Colorado is making progress beating back the coronavirus, but residents likely will need to keep wearing masks and practicing social distancing into the summer, a member of the state’s COVID-19 modeling team said Monday.
Overall, the news is good as January comes to a close, though virus-related hospitalizations aren’t dropping as fast as they were a few weeks ago, said Beth Carlton, an associate professor of environmental and occupational health at Colorado School of Public Health.
The percentage of COVID-19 tests coming back positive fell below 5% last week, indicating there probably weren’t large numbers of undetected cases, though it popped above that threshold again Sunday.
“Colorado is in a good place compared to our neighbors,” Carlton said.
The Colorado Department of Public Health and Environment reported 706 people were hospitalized across the state with confirmed or suspected COVID-19 as of Monday afternoon. That’s about one-third the number of people receiving hospital care for the virus at the worst point in early December.
Cases also were down from the peak by about two-thirds. The state recorded 10,718 new cases last week, down from 36,758 at the peak in late November.
While it’s welcome news that cases and hospitalizations are falling again, it’s important to continue taking precautions for the next few months as the vaccination push continues, state epidemiologist Dr. Rachel Herlihy said. Hospitalizations are below their levels at the spring peak, but still about three times what they were during the low point in the summer.

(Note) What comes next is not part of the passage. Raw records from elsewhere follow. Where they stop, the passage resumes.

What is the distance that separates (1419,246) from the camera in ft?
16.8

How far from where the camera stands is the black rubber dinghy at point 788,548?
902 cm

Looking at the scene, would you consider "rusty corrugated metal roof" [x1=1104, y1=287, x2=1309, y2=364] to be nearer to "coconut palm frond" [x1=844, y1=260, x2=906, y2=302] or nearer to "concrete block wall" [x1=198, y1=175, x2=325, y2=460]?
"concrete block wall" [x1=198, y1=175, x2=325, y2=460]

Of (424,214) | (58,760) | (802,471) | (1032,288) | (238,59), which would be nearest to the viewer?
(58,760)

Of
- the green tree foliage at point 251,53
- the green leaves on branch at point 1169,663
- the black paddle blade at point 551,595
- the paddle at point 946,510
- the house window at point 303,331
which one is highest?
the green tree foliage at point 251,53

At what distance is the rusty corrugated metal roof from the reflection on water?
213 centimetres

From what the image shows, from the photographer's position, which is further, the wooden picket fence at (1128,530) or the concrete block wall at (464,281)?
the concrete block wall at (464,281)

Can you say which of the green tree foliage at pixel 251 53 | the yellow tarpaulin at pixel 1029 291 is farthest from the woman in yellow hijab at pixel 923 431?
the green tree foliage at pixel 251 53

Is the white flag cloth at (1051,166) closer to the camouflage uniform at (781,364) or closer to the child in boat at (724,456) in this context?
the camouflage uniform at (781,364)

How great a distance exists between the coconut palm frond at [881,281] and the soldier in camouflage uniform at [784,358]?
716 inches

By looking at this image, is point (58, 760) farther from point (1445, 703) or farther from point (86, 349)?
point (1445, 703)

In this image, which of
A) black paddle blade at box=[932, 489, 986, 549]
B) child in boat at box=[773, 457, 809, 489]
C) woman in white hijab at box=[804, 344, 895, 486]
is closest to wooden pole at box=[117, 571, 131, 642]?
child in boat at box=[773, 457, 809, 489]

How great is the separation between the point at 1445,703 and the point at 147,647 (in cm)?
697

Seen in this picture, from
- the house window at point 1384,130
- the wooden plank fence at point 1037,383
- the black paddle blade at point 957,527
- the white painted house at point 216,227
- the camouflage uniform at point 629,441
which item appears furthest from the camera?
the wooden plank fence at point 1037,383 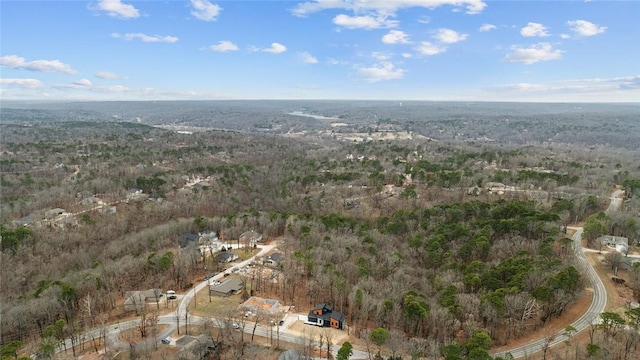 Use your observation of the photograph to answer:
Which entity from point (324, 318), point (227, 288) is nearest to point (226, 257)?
point (227, 288)

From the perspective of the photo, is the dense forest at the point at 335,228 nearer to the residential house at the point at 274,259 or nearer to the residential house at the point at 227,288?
the residential house at the point at 274,259

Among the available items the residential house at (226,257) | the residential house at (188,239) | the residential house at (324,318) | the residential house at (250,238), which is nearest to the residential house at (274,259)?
the residential house at (226,257)

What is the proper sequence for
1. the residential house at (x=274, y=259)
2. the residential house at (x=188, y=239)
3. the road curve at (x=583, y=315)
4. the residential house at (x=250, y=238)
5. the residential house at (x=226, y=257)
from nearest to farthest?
1. the road curve at (x=583, y=315)
2. the residential house at (x=274, y=259)
3. the residential house at (x=226, y=257)
4. the residential house at (x=188, y=239)
5. the residential house at (x=250, y=238)

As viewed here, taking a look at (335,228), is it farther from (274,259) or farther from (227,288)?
(227,288)

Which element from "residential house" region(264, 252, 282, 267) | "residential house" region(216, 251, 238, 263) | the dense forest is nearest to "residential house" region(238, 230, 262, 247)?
the dense forest

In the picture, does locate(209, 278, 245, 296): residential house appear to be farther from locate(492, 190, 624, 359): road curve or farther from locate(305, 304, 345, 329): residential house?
locate(492, 190, 624, 359): road curve

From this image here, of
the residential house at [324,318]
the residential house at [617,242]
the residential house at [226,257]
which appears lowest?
the residential house at [226,257]

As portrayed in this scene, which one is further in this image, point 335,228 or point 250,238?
point 250,238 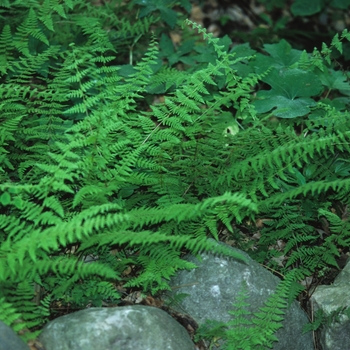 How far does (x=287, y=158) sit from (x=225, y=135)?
0.66m

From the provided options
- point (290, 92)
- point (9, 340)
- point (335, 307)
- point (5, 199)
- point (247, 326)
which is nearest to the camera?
point (9, 340)

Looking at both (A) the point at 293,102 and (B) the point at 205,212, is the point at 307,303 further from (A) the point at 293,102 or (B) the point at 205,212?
(A) the point at 293,102

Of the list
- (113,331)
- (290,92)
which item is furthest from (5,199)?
(290,92)

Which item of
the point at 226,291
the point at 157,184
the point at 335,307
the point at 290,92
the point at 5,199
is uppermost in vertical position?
the point at 5,199

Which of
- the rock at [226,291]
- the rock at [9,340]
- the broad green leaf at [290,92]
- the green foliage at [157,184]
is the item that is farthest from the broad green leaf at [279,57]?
the rock at [9,340]

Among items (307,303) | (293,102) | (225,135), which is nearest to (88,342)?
(307,303)

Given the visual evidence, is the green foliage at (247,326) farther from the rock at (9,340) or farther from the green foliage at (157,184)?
the rock at (9,340)

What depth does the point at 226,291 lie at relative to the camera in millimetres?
2908

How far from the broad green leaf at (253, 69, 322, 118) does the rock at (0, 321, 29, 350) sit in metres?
1.96

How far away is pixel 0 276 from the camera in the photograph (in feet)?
7.64

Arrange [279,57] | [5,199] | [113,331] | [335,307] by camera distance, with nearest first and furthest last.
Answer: [113,331] → [5,199] → [335,307] → [279,57]

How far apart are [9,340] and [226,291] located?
1.11 m

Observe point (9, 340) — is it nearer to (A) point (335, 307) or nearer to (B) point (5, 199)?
(B) point (5, 199)

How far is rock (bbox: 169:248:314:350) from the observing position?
2.88m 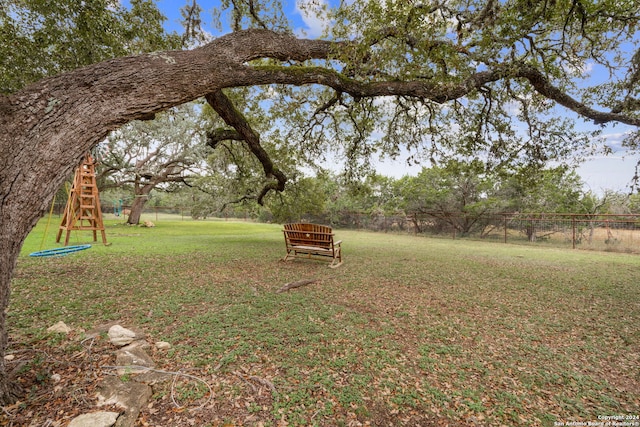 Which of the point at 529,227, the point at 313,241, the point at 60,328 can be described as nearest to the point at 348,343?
the point at 60,328

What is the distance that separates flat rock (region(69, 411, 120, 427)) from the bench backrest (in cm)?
541

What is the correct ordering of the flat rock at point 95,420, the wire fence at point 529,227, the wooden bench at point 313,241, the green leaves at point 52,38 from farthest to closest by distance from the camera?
the wire fence at point 529,227
the wooden bench at point 313,241
the green leaves at point 52,38
the flat rock at point 95,420

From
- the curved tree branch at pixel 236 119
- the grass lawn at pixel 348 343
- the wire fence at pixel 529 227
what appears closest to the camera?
the grass lawn at pixel 348 343

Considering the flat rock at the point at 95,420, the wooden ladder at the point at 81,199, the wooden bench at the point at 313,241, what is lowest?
the flat rock at the point at 95,420

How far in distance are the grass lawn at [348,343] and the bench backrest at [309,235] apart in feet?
4.04

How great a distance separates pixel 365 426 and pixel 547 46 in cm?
799

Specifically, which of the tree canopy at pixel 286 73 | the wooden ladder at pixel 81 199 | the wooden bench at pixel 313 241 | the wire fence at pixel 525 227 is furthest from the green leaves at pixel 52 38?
the wire fence at pixel 525 227

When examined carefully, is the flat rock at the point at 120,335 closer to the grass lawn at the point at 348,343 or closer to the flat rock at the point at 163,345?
the grass lawn at the point at 348,343

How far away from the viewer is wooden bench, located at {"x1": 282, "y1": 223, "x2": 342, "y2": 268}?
7074mm

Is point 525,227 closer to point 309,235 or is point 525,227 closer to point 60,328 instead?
point 309,235

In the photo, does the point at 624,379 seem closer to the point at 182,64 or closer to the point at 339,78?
the point at 339,78

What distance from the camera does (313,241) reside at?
289 inches

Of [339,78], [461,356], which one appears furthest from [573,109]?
[461,356]

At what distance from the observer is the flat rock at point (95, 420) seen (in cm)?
173
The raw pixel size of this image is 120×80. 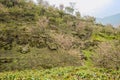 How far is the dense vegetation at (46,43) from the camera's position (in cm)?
6588

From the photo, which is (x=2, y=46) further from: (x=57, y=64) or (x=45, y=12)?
(x=45, y=12)

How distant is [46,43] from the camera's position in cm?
8988

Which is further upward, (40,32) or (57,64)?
(40,32)

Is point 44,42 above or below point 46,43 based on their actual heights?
above

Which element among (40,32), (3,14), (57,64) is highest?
(3,14)

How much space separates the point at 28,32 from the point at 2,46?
47.6 feet

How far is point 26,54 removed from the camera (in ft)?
250

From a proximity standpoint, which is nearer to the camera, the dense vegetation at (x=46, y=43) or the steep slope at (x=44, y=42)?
the dense vegetation at (x=46, y=43)

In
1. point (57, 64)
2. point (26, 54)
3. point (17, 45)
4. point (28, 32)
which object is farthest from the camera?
point (28, 32)

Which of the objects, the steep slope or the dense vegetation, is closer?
the dense vegetation

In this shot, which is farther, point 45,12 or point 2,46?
point 45,12

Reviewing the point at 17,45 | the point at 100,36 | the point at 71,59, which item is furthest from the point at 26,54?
the point at 100,36

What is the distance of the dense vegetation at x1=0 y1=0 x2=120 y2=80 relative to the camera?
6588cm

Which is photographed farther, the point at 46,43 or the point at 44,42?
the point at 44,42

“Overall, our rates do continue to be quite high,” she said during a news briefing.
Colorado is dealing with a few “competing forces,” said Carlton, a member of the state’s COVID-19 modeling team. The vaccine will gradually reduce the number of people susceptible to the coronavirus, but the state also is facing a challenge from a new, more contagious variant of the virus.
So far, individual choices and decisions not to reopen hastily have been enough to keep the virus at bay, but people will have to stick to both for some time, she said.
“If we took off all the controls now, we’d have a disaster on our hands,” according to models of how the virus spreads, Carlton said.
The state has identified 10 cases of the more-contagious B.1.1.7 variant, which was first discovered in the United Kingdom, Herlihy said. She estimated the state tests between 100 and 200 specimens each week to find out if they contain the new strain.
The state hasn’t recorded any cases of two other variants. One was found in California and appears to also be more contagious. The other is circulating in Brazil and South Africa, and appears to be relatively adept at reinfecting people who previously had mild cases of COVID-19.
Herlihy said Colorado saw a bump in COVID-19 cases during the two weeks after Christmas, but it hasn’t turned into a sustained wave. Hospitalizations didn’t increase noticeably after the holidays, but stopped decreasing for about a week. That could reflect that many of those who caught the virus at the end of December were relatively young, she said.
“We did see a clear increase associated with Christmas and New Year’s, but we’ve come down,” she said.
Since March, 387,462 people in Colorado have tested positive for the virus and 21,263 have been hospitalized. The state has reported 5,512 deaths related to COVID-19.